Certainly Jack Burns, the hero of Mr. Irving's bloated and lugubrious new novel, is a victim in spades - and then some.
Not an auspicious start for a good or even mediocre review. And the final paragraph is this brutal sentence:
Jack's "melancholic logorrhea" might yield some useful therapeutic results, but in terms of storytelling, it makes for a tedious, self-indulgent and cruelly eye-glazing read.
Now I find myself in a bit of a quandary because I have literally read every word that John Irving has every published. I am probably one of a dozen or so people who really loved "The Fourth Hand." So, do I trust in the New York Times and Michiko Kakutani and skip this book, or do I risk extreme disappointment? The book is 800 plus pages so its going to be fairly time consuming should I decide to take the risk. My gut instinct is telling me to wait for it to come out in paperback, but read it anyway. At least the financial risk will be less.
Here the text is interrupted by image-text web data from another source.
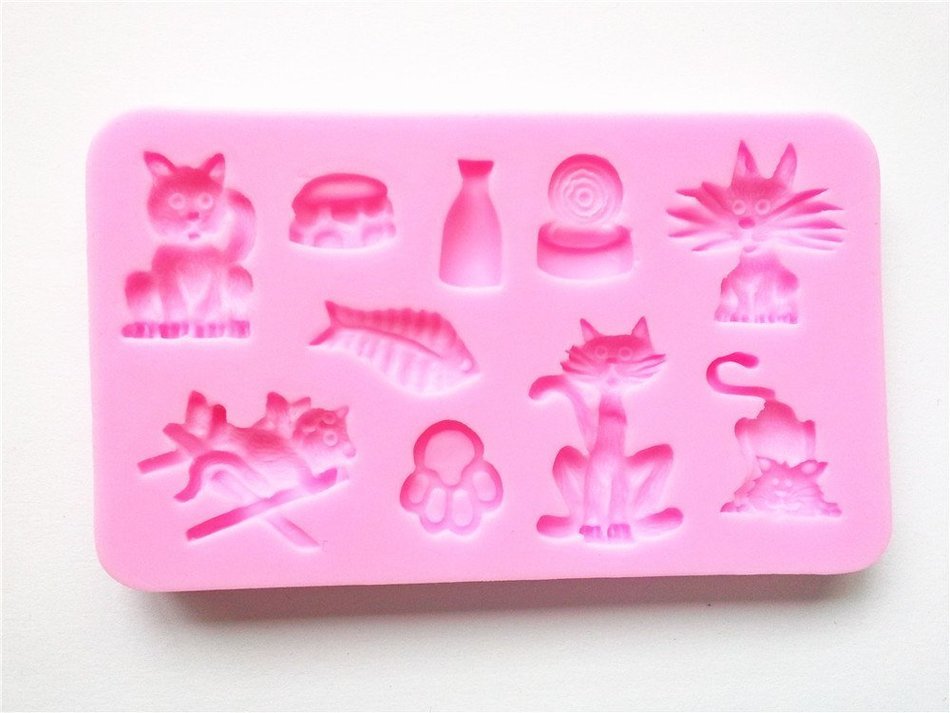 Wocuz W0191 Cat Pet Products Shape Decoration Silicone Candy Fondant Chocolate Accessory Mold Cake Decorative... N2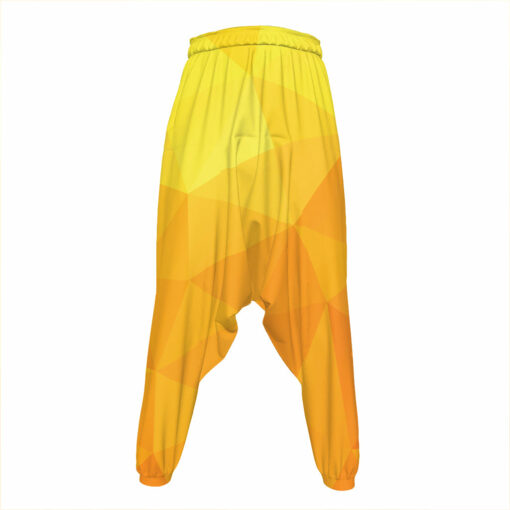 Yellow Polygonal Geometric Print Hammer Pants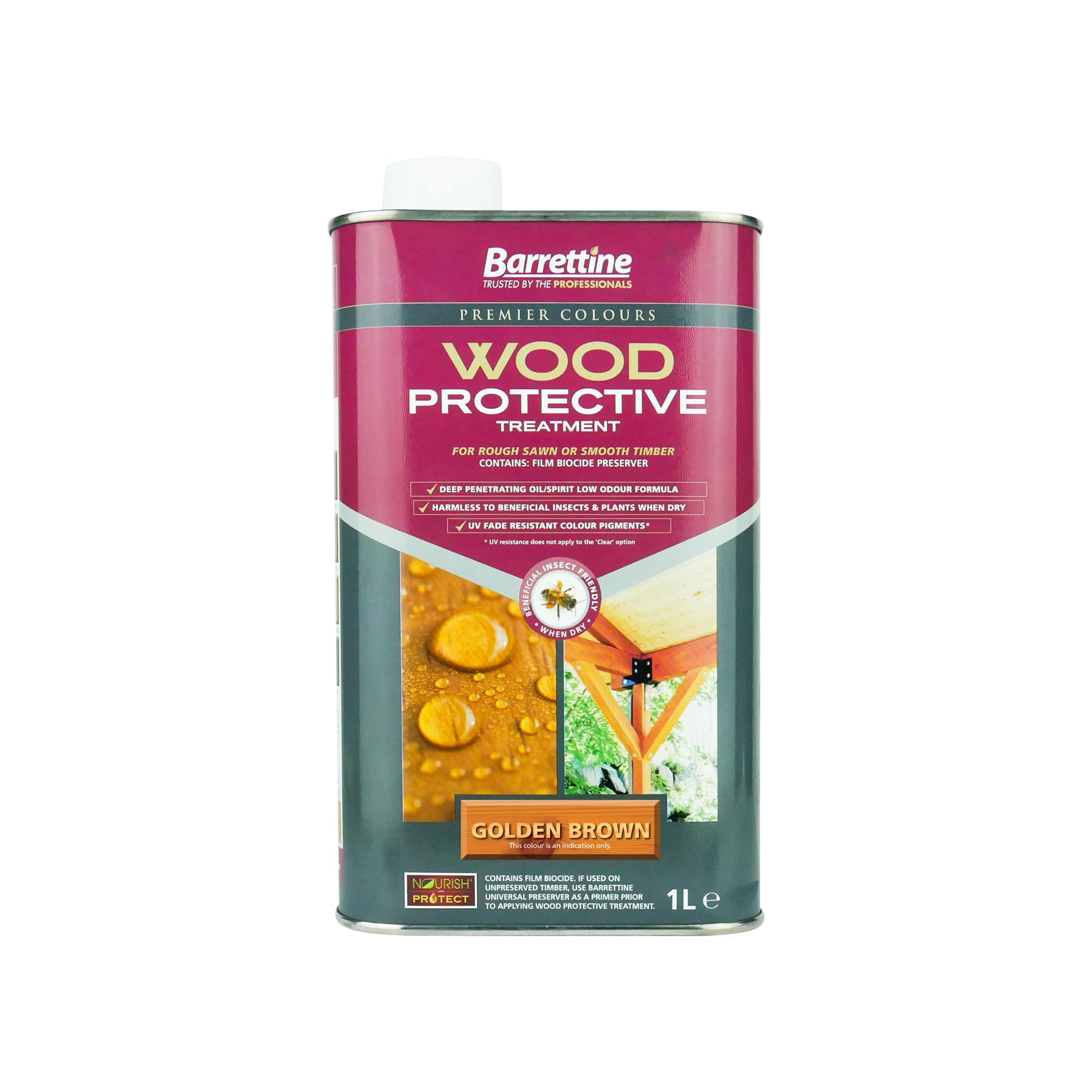 Barrettine Wood Protective Treatment (Golden Brown, 1L) - Ideal Treatment for Outdoor Treated Timber Structures. Wood Protector Oil with Water Repellent Qualities. UV & Fade Resistant.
Speaking of books, I am halfway through "A Long Way Down" by Nick Hornby. So far so good. I'm not overwhelmed with loving it. I can put it down, but I do find myself wondering about the characters and I am not at all sure where they will end up, which is a good thing. Hornby is a lot like Irving in that his characters do detestable things and yet we still feel sympathy for them. They become more than just their label in his words.